Squashing for example allows me to have a history where each commit builds. This has been very useful for bisecting for me. I wouldn't call it "next to nothing".
The "greater detail" part can cost me a lot of time.
Having commits that do not build represents the history more accurately. It could very well be a “fix” to some build error that silently introduces an issue, that context is lost when you squash.
> Having commits that do not build represents the history more accurately.
Sure it does, but sometimes that level of detail in history is not helpful. Individual keystrokes are an even finer/"more accurate" representation of history; but who wants that? At some point, having more granular detail becomes noise - the root of the disconnect is that people have a difference in opinion on which level that is: for some (like you), it's at individual commit-level. For others (like me), it's at merge-level: inspecting individual commits is like trying to parse someone's stream-of-consciousness garbage from 2 years ago. I really don't care to know you were "fixing a typo" in a0d353 on 2019-07-15 17:43:32, but your commit is just tripping-up my git-bisect for no good reason.

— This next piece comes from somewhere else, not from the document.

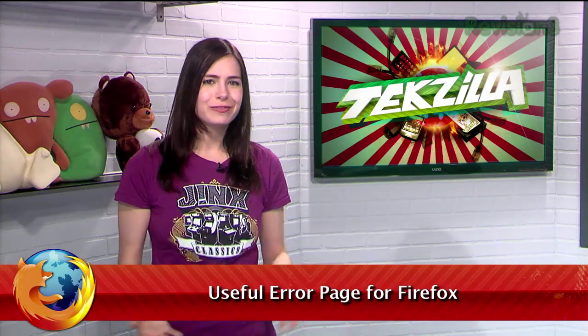Firefox's default error message page isn't very helpful. It tells you it couldn't find the website, but that's pretty much it. Well, if you want more options trying to locate that stubborn website, I have just the thing for you.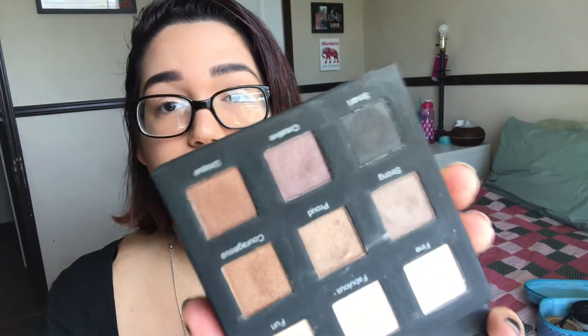This one I got in a Boxycharm — I think this was the first Boxycharm box I got. It is by Real Her, 'Do Your Own Kind of Beauty.' These are so nice — this is more of my going-out-at-night palette. I don't go clubbing or anything, but if I go out, this is what I'm going to use.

Sure, I can - but should I? That's the fundamental difference in opinion (which I don't think can be reconciled). I don't need to know what the developer was thinking or follow the individual steps when they developing a feature or fixing a bug, for me, the merge is the fundamental unit of work, and not individual commits. Caveat: I'm the commit-as-you-go type of developer, as most developers are (branching really is cheap in Git). If everyone was disciplined enough not to make commits out of WIP code, and every commit was self-contained and complete, I'd be all for taking commits as the fundamental unit of code change
If the author did something edgy or hard-to-understand with the change-set, I expect to see an explanation why it was done that way as a comment near the code in question, rather than as a sequence of commit-messages, that is the last place I will look - but that's just me
But the problem with this approach is that you're making it impossible to extract the actual changes when you do want them, whereas simply skipping non-merge commits is a minor inconvenience (`--first-parent` tends to cover it).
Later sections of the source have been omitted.